Enforce’s policy agent discovers what’s running in containers in the actual binary code itself, the container image. Developers can apply policies based on what the container image is, how it was built, and where it comes from. And continuous verification makes sure deployed container images stay in compliance with defined policies.

“We take this inverse approach where we look at what’s actually running rather than trying to block stuff at deployment time,” Lorenc said. “A lot of the metadata related to software supply chains changes over time. If you only look at pre-deployment, you’re missing 90% of the problem. Because just because something didn’t have any critical vulnerabilities when you first built and deployed it, that doesn’t mean it still doesn’t have any critical vulnerabilities three years later. So it’s really a continuous policy system approach, rather than just a deployment approach.

Busy times ahead for supply-chain security

This software supply-chain security landscape is very early, and it’s going to move very quickly. Last year the White House’s executive order on improving cybersecurity very explicitly called out the requirement for “a formal record containing the details and supply chain relationships of various components used in building software.”

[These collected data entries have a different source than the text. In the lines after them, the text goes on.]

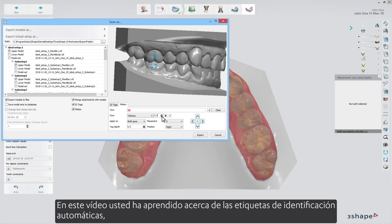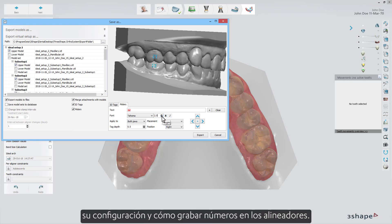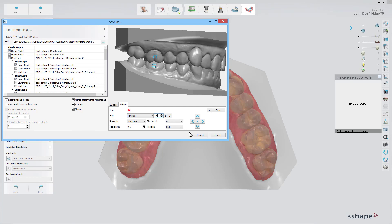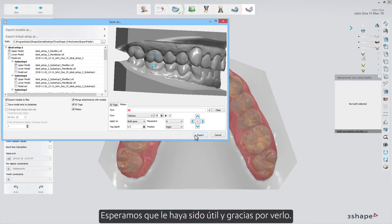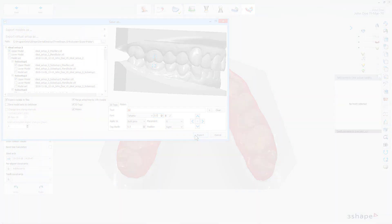In this video you've learned about automatic ID tags, their settings, and how to have numbers embossed in the aligners. We hope this was helpful, and thank you for watching.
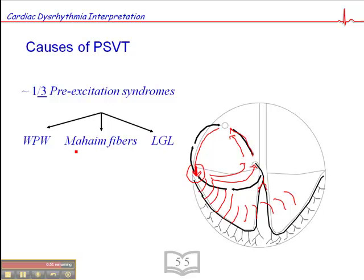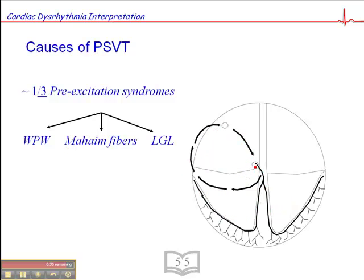The other causes of pre-excitation syndromes include Mahaim fibers and Lown-Ganong-Levine. These are also accessory pathways similar to the bundle of Kent seen in WPW. Except that in Mahaim fibers and Lown-Ganong-Levine, the accessory pathways are located elsewhere — either connected to the AV node or bundle of His — and they bypass the typical routes into the ventricles.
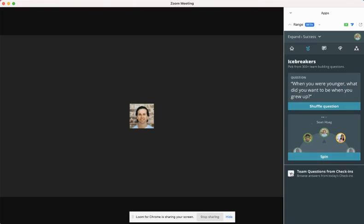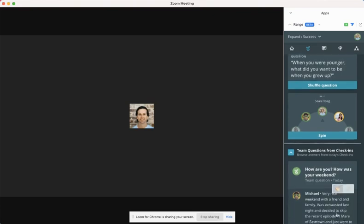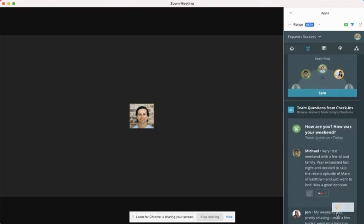You can also look at the daily team question that was asked in Range and spark a conversation that way.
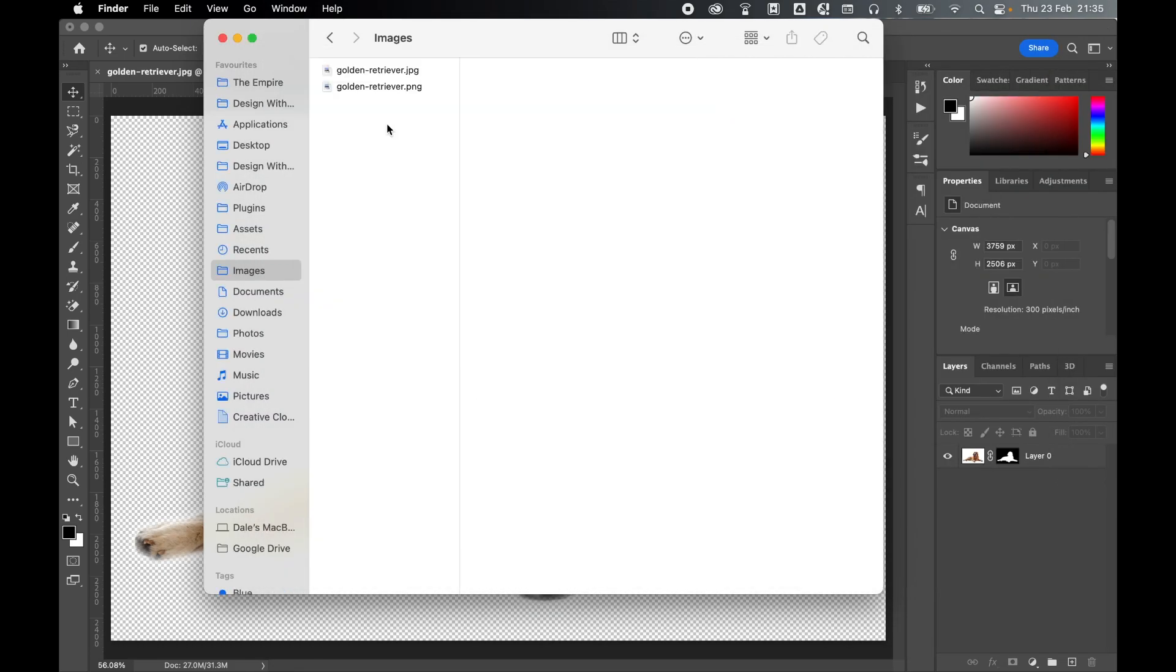And there you have it. It's that simple to turn a JPEG into a transparent PNG in Photoshop. Hope you found this tutorial helpful, and if you did, don't forget to like and subscribe.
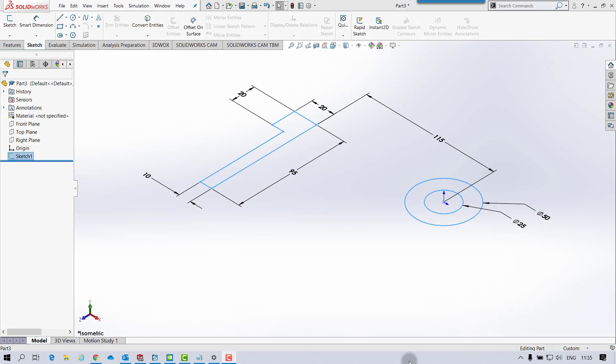First off, this doesn't demonstrate the best way to model this part, but it does demonstrate how to use bridging between two separate solid bodies.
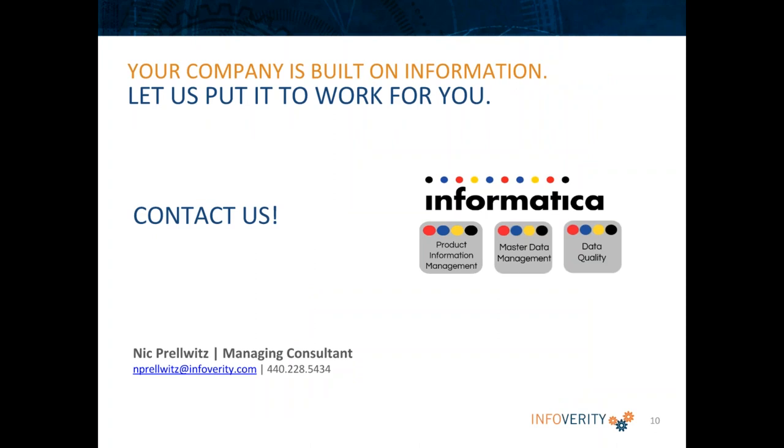So I hope you've enjoyed the content today. Please reach out to us if you have any questions. We'll see you next time. Thank you very much.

We’ve spent decades building things in software and being obsessed with securing production, but then been building (too often) on un-patched Jenkins boxes sitting under someone’s desk that no one is looking after.

A new class of open-source projects and security vendors believe that your build system should be at least as secure as your production environment. And there will be a symbiotic relationship between open-source projects and guard-railed commercial offerings like Enforce where vendors package up a developer experience around this nuanced use case.

“Software supply chain security is pretty unique,” Lorenc said. “You’ve got a whole lot of different types of attacks that can target a whole lot of different points in the software life cycle. You can’t just take one piece of security software, turn it on and get protected from everything. I think we’re going to see a pattern of a bunch of different open source frameworks like SLSA and SSDF being leveraged together to keep evolving how we lock down software supply chain security.”

Disclosure: I work for MongoDB but the views expressed herein are mine alone.